Zuerst mussten sie sich mit dem Pass ausweisen, dann durften sie ihre Instrumente auspacken. «Die Angestellten achteten wohl darauf, dass unser Spiel nicht schrecklich schräg tönte», sagt Kai Stieger und grinst. Das tat es nicht. Wie denn auch, bei drei Talentschülern. Kaum hatten sie auf ihren Instrumenten zu spielen begonnen, brachen die Angestellten die Übung ab und lobten die Schüler mit Applaus. Schliesslich weichten sie auch die Bestimmungen des Auftritts auf.

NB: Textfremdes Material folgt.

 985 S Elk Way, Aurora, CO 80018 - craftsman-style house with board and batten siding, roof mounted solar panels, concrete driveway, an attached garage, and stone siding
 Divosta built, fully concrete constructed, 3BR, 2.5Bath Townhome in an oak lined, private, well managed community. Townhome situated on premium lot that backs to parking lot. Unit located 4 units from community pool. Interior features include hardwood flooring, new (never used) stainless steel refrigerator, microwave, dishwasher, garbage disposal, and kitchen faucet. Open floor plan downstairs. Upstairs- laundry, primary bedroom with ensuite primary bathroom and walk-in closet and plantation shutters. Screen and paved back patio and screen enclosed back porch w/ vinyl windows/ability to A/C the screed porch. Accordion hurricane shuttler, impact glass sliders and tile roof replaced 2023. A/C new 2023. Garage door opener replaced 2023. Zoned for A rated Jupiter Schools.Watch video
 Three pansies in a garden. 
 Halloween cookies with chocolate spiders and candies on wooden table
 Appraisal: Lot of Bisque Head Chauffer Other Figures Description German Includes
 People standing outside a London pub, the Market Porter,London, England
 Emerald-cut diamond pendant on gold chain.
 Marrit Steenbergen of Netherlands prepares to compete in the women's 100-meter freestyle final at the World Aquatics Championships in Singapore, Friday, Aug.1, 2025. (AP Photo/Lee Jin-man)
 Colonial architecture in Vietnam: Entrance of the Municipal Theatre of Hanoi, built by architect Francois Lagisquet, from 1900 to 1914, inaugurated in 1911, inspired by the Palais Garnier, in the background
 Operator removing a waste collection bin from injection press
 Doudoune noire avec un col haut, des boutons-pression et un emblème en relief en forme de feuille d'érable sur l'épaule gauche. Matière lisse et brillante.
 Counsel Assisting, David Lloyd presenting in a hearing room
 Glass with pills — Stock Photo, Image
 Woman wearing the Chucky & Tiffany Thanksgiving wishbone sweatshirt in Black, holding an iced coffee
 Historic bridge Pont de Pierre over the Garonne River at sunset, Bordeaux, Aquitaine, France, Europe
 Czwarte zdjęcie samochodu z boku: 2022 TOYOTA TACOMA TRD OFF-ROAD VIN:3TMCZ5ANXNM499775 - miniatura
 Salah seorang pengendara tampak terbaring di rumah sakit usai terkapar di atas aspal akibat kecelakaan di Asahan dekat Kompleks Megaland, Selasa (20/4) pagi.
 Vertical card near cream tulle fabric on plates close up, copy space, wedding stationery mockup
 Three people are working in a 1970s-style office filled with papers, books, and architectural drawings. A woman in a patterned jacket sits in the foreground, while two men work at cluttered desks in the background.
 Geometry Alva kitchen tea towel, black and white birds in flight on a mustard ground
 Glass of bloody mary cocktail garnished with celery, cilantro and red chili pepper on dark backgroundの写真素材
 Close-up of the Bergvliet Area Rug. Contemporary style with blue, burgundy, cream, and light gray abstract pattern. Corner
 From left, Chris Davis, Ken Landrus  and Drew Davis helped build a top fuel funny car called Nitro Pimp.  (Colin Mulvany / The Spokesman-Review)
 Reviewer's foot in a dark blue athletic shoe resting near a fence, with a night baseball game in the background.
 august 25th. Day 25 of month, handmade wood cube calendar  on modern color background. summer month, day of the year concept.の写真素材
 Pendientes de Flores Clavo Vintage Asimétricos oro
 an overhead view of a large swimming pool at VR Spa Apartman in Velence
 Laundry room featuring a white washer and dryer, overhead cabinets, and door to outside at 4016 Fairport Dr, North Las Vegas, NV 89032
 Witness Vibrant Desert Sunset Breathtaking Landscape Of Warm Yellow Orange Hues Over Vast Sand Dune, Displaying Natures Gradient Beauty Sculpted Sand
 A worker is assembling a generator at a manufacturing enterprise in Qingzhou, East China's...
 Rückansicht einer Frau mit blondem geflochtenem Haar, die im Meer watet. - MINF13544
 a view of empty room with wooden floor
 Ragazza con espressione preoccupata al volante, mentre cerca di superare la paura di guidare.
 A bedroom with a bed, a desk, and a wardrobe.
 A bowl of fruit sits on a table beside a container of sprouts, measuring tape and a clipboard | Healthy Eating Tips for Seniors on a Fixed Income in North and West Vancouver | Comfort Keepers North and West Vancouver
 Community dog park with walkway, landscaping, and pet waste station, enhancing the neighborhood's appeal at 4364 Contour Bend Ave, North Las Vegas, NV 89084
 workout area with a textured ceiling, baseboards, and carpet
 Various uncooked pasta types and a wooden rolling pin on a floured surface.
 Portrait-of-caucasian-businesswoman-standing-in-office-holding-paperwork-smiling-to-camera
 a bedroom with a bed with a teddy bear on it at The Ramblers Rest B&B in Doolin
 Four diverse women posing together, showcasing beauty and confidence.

Die Stadt Buchs erliess die Gebühr, weil es sich um ein Schülerprojekt handelt und das gesammelte Geld einer Institution für Behinderte zu Gute kommt.Einfacher gestaltete sich das Bewilligungs-Prozedere in Altstätten. Ohne grosse Umstände und ohne vorspielen erhielt Kai Stieger die Erlaubnis, im Städtli zu musizieren. Auch die Bewilligungsgebühr von zehn Franken entfiel. Vor Ostern konnte das Trio die Auftritte schliesslich durchführen. Kai Stieger spürte die Aufregung. Doch nach der Vorprobe legte sich die Nervosität, mit dem guten Gefühl, dass er die Lieder im Zusammenspiel mit Smilla und Lia beherrschte. Bei schönem Wetter hatten sich während dem Konzert in Altstätten erfreulich viele Zuhörer eingefunden. «Ich musste aufpassen, dass ich mich nicht vom Geschehen auf der Strasse ablenken liess», sagt Kai Stieger. Eltern, Bekannte und Passanten waren unter dem Publikum, wie auch Lehrpersonen und der Präsident der Talentschule. Sie alle gratulierten und freuten sich, dass das Trio den Auftritt mit Tango, Klassischem und der Eigenkomposition so erfolgreich meisterte.
Beim zweiten Auftritt an der Bahnhofstrasse in Buchs waren ebenfalls viele Menschen zu Fuss unterwegs, «doch wenige blieben länger stehen», sagt Lia Lootsma. Im Vorbeigehen öffneten manche kurz das Portemonnaie, um zu spenden. Die drei Musiker fanden es schade, dass ihnen die Passanten nicht mehr Aufmerksamkeit schenkten. Dennoch werten sie das Strassenmusik-Projekt als schöne Erfahrung. «Es war lockerer als auf einer Bühne», sagt Smilla. «Es geht mehr um die Unterhaltung, um den Spass an der Sache.» Kai Stieger pflichtet bei. «Auch die Atmosphäre ist ganz anders unter freiem Himmel als in einem geschlossenen Raum.» Bei aller Freude, dass die Auftritte «zu 99 Prozent» gelungen sind, ist er erleichtert, dass der praktische Teil seiner Projektarbeit vorbei ist. Sollte er künftig Strassenmusikanten begegnen, wird er solche Auftritte umso mehr schätzen, da er nun weiss, was an Aufwand dahintersteckt. Gesammeltes Geld geht an Rhyboot
Die Musik will Kai Stieger weiterhin als Hobby pflegen, nebst seiner bevorstehenden, beruflichen Ausbildung. Im Sommer beginnt er eine kaufmännische Lehre.
Derzeit beschäftigt ihn der Abgabetermin der schriftlichen Projektarbeit und deren Präsentation in den kommenden Wochen. Zudem werden Kai Stieger, Lia Lootsma und Smilla Bruderer das gesammelte Geld – 356 Franken - dem Verein Rhyboot überreichen.